Go back to level one of this stairway and review range, precision, accuracy, granularity and other terms related to a generic measurement. Not the particular property being measured (say, distance), nor the scale used (millimeters or Light years), nor the tool used (micrometer or radio telescope).
I will not be talking about the tools; that is hardware and I only do software. But I do worry about the nature of the property being measured and modeled in a database. And I need to know about the scales used.
The reason for getting into data types in the prior levels was so that we can discuss how to get these measurements into a database.
There are often many scales for the same property. The lack or presence of precision and accuracy determines the scale you should choose. Scales are either quantitative or qualitative. The quantitative scales are what most people mean when they think of measurements, because these scales can be manipulated and are usually represented as numbers. Qualitative scales do not allow for computations -- just comparisons.
The simplest scales are the nominal scales. They simply assign a unique symbol, usually a number or a name, to each member of the set that they attempt to measure. For example, a list of city names is a nominal scale. In English, it's just a name.
Right away we are into philosophical differences, because many people do not consider naming to be measurement. Since there is no clear property except existence being measured, that school of thought would tell us this cannot be a scale.
There is no natural origin point for a set of names, no comparison rules other than equality and no ordering. We tend to use alphabetic ordering for names if we have a language with an alphabet. I had a friend who taught American Culture in Red China before the Tiananmen Square Massacre. Her class roster was translated into PinYin, for her. Each day, she got a new roster; it was never sorted or even ordered the same way twice. Alphabetical order is an incredibly powerful tool for handling data.

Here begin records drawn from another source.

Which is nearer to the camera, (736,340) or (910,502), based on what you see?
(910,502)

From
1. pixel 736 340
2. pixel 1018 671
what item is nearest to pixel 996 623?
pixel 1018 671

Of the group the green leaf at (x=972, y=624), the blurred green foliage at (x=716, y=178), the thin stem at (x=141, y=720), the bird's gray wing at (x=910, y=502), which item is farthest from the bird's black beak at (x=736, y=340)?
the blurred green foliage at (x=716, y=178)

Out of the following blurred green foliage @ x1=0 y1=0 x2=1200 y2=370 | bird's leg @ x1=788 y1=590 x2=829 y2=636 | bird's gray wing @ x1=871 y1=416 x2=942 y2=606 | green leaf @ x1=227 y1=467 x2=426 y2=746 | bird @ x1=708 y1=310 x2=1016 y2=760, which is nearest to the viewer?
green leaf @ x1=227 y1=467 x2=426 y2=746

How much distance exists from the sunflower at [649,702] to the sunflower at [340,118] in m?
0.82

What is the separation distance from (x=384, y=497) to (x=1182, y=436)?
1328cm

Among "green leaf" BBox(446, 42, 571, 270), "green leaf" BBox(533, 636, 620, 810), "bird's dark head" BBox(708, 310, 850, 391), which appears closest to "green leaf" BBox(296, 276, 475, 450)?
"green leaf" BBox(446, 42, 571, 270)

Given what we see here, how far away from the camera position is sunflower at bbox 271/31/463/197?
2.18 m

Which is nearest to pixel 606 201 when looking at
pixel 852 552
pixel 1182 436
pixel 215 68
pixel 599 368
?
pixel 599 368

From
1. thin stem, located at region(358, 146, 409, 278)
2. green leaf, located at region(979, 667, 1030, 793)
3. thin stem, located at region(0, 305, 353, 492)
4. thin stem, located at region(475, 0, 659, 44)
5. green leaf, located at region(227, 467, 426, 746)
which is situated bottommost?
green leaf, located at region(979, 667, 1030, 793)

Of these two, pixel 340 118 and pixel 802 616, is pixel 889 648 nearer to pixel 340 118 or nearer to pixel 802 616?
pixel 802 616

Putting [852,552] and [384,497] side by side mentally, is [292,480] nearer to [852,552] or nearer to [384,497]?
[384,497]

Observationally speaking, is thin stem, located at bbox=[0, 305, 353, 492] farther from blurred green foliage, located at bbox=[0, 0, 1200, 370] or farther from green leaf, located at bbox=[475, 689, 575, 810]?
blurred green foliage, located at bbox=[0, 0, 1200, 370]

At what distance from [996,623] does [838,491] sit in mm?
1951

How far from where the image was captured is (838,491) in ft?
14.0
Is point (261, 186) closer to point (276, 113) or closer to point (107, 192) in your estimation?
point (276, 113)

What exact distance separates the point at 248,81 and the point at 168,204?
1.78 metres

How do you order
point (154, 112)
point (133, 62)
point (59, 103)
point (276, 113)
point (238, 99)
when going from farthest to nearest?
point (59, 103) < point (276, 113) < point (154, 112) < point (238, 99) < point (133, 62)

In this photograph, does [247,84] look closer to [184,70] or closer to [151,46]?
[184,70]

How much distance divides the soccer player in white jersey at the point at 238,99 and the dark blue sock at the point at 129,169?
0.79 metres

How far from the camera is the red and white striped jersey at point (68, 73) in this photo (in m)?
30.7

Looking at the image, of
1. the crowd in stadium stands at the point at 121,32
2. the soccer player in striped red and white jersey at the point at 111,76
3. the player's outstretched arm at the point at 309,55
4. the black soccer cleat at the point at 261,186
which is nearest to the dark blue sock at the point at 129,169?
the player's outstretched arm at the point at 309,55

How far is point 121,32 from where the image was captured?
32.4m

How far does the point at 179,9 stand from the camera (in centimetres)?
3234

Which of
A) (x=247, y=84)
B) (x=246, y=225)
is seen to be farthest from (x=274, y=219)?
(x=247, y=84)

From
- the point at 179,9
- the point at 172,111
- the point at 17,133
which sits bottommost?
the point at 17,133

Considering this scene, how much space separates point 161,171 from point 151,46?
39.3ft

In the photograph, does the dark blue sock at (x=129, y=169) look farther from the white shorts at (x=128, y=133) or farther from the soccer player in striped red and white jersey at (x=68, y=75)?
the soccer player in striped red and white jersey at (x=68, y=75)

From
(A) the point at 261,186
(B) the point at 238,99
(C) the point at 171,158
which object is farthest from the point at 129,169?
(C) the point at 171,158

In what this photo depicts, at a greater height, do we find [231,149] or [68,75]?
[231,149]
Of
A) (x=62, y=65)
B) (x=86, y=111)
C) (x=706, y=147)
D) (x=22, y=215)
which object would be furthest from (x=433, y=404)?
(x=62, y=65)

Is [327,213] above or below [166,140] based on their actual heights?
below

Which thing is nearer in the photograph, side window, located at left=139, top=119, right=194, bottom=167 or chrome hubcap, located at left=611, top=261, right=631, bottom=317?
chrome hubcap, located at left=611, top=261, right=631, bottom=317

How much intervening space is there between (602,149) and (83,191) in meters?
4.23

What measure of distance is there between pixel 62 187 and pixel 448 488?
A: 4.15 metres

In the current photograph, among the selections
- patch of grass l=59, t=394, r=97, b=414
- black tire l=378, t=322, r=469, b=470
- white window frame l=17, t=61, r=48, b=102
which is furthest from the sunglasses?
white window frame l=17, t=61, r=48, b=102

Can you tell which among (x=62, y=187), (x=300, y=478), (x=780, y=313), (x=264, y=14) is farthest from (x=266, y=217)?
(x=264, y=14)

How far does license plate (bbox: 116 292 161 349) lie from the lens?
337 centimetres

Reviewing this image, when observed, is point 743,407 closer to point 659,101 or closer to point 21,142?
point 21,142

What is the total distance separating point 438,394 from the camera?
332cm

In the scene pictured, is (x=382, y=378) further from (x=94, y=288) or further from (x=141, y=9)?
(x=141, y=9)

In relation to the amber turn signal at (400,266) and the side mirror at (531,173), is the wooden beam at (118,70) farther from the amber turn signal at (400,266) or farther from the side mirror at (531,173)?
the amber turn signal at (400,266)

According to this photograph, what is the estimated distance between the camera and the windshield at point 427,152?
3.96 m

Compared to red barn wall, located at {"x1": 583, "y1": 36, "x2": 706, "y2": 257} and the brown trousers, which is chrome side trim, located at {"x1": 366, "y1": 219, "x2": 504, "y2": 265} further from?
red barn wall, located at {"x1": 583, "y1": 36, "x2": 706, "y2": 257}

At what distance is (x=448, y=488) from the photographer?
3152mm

Nominal scales are very common in databases because they are used for unique identifiers, such as names and descriptions.
Now for a bit of culture
Abou Ben Adhem
--Leigh Hunt (1784-1859)
Abou Ben Adhem (May his tribe increase)
Awoke one night from a deep dream of peace
And saw, within the moonlight in his room,
Making it rich, and like a lily in bloom,
An Angel writing in a book of gold:
Exceeding peace had made Ben Adhem bold,
And to the Presence in the room he said,
"What writest thou?" The Vision raised its head,
And with a look made of all sweet accord
Answered, "The names of those who love the Lord."
"And is mine one?" said Abou. "Nay, not so,"

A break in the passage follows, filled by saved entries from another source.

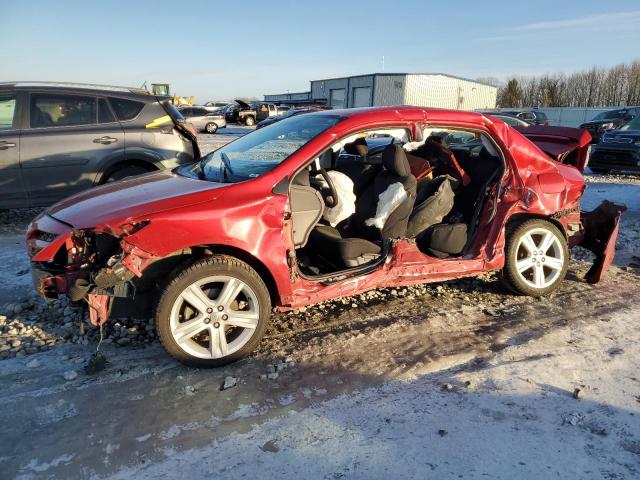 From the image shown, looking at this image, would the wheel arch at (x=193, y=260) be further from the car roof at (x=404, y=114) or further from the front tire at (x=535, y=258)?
the front tire at (x=535, y=258)

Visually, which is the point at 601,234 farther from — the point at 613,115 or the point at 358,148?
the point at 613,115

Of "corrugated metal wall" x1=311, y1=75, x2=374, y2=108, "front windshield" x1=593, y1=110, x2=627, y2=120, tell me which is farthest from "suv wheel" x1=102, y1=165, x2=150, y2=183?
"corrugated metal wall" x1=311, y1=75, x2=374, y2=108

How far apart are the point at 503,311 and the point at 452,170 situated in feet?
4.74

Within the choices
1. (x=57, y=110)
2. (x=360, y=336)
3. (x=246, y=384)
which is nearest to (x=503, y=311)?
(x=360, y=336)

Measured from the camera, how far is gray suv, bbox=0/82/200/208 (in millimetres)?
6023

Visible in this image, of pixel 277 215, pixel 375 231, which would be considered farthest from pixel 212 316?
pixel 375 231

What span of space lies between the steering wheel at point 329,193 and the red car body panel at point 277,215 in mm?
500

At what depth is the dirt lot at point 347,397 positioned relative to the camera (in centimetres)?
236

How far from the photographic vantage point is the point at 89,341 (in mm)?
3531

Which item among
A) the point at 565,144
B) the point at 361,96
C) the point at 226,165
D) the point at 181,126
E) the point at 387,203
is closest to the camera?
the point at 226,165

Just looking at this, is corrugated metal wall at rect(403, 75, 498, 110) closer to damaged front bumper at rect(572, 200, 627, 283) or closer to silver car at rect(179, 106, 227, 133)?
silver car at rect(179, 106, 227, 133)

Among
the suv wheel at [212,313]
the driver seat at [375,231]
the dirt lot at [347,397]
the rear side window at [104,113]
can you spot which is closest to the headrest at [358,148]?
the driver seat at [375,231]

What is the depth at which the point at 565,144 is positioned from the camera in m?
5.17

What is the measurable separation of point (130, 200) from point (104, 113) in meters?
3.82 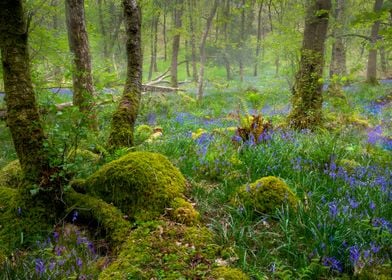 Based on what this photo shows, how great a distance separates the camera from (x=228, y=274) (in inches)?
108

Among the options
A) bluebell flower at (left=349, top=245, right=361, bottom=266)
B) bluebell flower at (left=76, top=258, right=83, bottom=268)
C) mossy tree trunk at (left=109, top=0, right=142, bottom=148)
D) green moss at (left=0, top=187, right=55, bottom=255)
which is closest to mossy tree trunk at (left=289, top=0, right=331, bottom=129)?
mossy tree trunk at (left=109, top=0, right=142, bottom=148)

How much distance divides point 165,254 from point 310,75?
667cm

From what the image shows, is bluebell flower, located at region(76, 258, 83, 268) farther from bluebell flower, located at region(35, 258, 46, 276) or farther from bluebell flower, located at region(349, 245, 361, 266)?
bluebell flower, located at region(349, 245, 361, 266)

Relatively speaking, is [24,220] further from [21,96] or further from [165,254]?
[165,254]

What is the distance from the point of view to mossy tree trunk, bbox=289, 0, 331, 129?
8.25 m

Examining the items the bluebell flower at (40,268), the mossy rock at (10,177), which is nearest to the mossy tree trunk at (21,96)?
the bluebell flower at (40,268)

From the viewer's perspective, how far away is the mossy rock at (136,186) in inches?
146

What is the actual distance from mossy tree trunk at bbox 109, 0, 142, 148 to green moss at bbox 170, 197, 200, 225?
1930mm

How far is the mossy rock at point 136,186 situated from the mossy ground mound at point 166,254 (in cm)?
28

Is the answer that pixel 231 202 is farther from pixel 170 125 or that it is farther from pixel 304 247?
pixel 170 125

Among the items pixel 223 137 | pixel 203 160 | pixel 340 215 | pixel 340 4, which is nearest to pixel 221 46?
pixel 340 4

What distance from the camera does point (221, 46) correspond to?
27922mm

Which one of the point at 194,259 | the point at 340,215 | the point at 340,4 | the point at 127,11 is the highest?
the point at 340,4

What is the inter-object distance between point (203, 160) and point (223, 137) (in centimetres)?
188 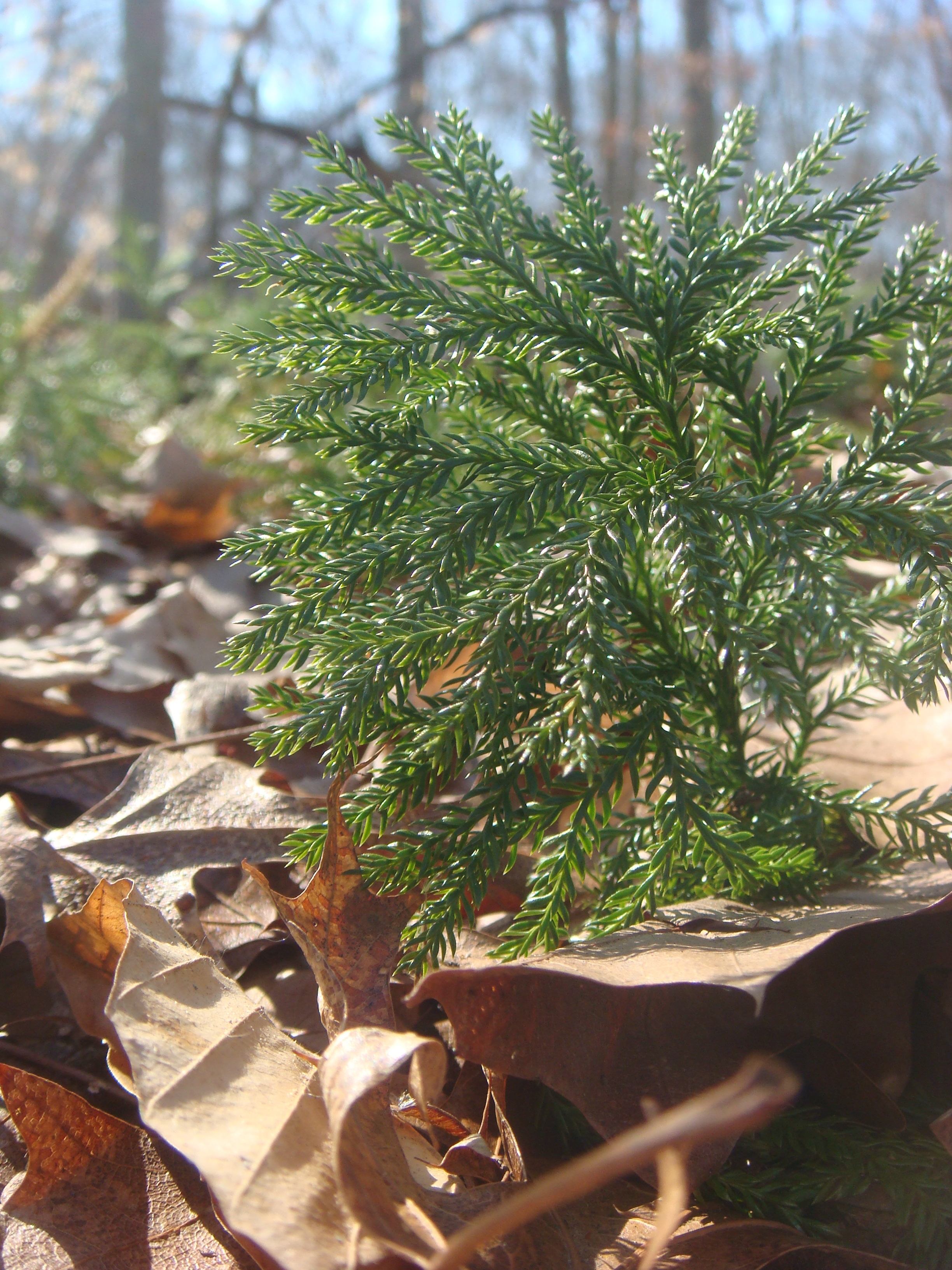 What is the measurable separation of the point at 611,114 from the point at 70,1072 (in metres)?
14.8

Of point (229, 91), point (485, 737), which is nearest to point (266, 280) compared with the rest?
point (485, 737)

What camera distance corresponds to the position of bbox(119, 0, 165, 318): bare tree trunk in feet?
29.4

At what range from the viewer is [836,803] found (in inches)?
56.9

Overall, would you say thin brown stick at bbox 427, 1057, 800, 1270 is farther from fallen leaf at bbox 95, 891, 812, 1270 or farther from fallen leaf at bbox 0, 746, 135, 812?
fallen leaf at bbox 0, 746, 135, 812

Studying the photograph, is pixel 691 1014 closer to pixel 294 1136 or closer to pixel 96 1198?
pixel 294 1136

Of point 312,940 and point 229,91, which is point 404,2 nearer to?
point 229,91

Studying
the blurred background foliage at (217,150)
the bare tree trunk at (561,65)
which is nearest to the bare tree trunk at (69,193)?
the blurred background foliage at (217,150)

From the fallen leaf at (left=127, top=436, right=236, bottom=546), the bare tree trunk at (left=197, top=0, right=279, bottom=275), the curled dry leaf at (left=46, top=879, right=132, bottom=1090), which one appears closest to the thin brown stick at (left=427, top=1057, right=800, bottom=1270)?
the curled dry leaf at (left=46, top=879, right=132, bottom=1090)

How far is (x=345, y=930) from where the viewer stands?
1312 mm

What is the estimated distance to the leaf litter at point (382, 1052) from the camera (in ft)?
3.25

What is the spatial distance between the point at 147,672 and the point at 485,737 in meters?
1.52

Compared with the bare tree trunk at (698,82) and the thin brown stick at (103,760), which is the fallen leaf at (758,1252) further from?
the bare tree trunk at (698,82)

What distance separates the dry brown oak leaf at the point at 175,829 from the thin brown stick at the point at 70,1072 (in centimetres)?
27

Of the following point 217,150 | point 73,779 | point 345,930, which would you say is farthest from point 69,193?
point 345,930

Replied the Angel. Abou spoke more low,
But cheerily still; and said, "I pray thee, then,
Write me as one that loves his fellow men."
The Angel wrote and vanished. The next night
It came again with a great wakening light.
And showed the names whom love of God had blessed,
And, lo! Ben Adhem's name led all the rest!
And do you why Ben Adhem's name led all the rest? Because God files data in alphabetical order.
The next simplest scales are the categorical scales. They place an entity into a category which is assigned a unique symbol, usually a number or a name. For example, the class of animals might be categorized as reptiles, mammals and so forth. The categories have to be within the same class of things to make sense.
Again, many people do not consider categorizing to be measurement. The categories are probably defined by a large number of properties and there are two potential problems with them.
The first problem is that an entity might fall in one or more categories. For example, a platypus is a furry, warm blooded egg-laying animal. Mammals are warmed blood, but give live birth and optionally have fur. The second problem is that an entity might fall not fall into any of the categories at all. If we find a creature with chlorophyll and fur on Mars, we do not have a category of animal in which to place him.
The two common solutions are either to create a new category of animal (monotremes for the warm blooded, egg-laying platypus and ekidna. The least desirable situation is to allow an entity to be a member of more than one category.
The categories have the same characteristics of the nominal scale. There is no natural origin and no natural linear ordering. The only meaningful operation that can be done with such a scale is a test for membership or subsets. Categories and sub-categories give us a non-linear ordering or nesting. This will come up again when I get to hierarchical encoding schemes.
More culture, when you least expected it!
from the Essay "The Analytical Language of John Wilkins" by Jorge Luis Borges:
"These ambiguities, redundancies, and deficiencies recall those attributed by Dr. Franz Kuhn to a certain Chinese encyclopedia entitled Celestial Emporium of Benevolent Knowledge. On those remote pages it is written that animals are divided into (a) those that belong to the Emperor, (b) embalmed ones, (c) those that are trained, (d) suckling pigs, (e) mermaids, (f) fabulous ones, (g) stray dogs, (h) those that are included in this classification, (i) those that tremble as if they were mad, (j) innumerable ones, (k) those drawn with a very fine camel's hair brush, (l) others, (m) those that have just broken a flower vase, (n) those that resemble flies from a distance."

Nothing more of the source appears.